From the listing below, output only the lines starting at the line that has "2022 Mitsubishi Triton GLX" and ending at the line that has "Sobrado à venda", exactly as they appear, ends included.

> [ENTRIES SUPPLIED]
-- -- --

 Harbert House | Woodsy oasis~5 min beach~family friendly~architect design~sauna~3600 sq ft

-- -- --

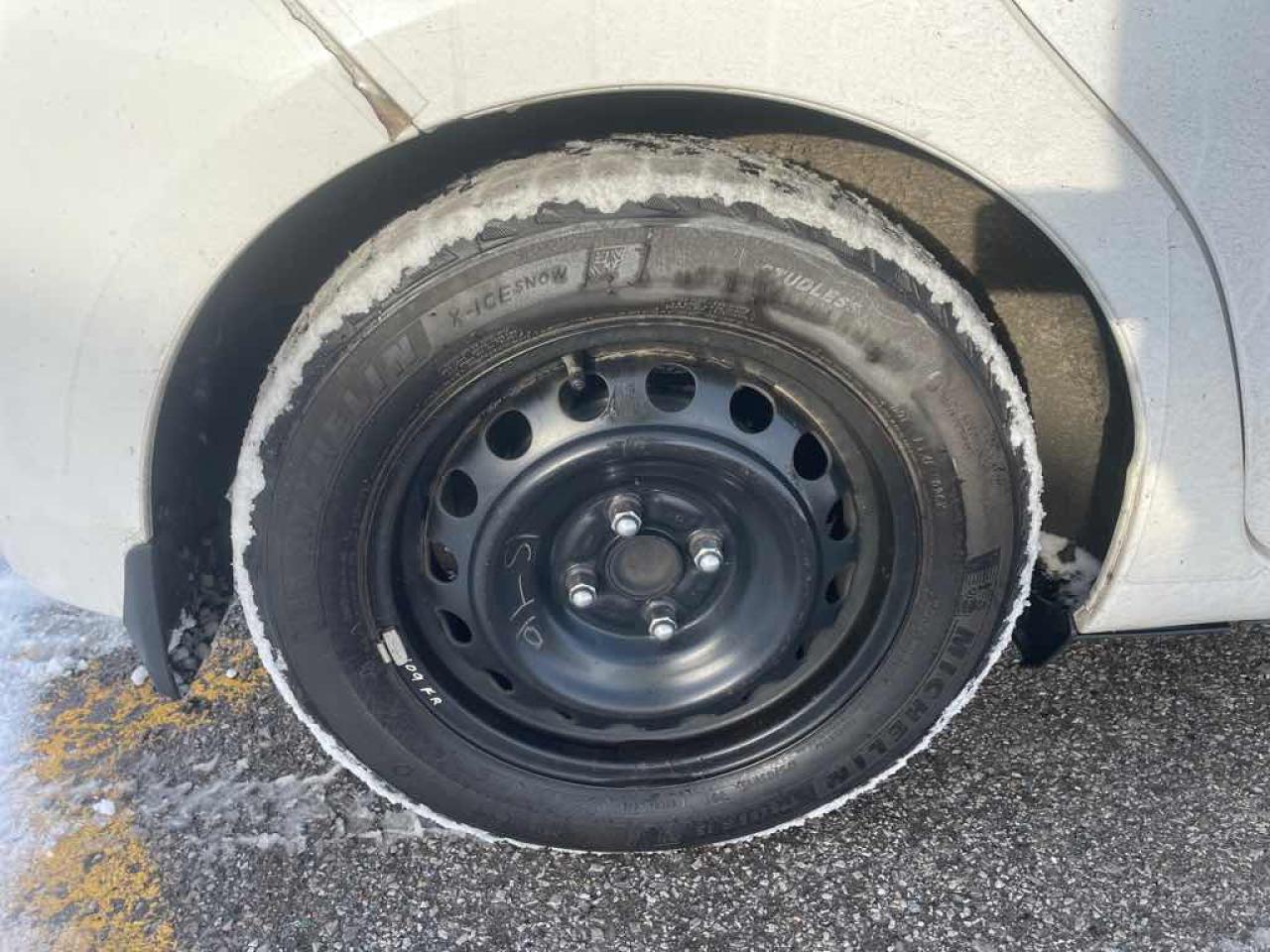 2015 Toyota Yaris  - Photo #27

-- -- --

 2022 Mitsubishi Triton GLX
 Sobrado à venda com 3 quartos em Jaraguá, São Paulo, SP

-- -- --

> [EXERCISE OUTPUT]
 2022 Mitsubishi Triton GLX
 Sobrado à venda com 3 quartos em Jaraguá, São Paulo, SP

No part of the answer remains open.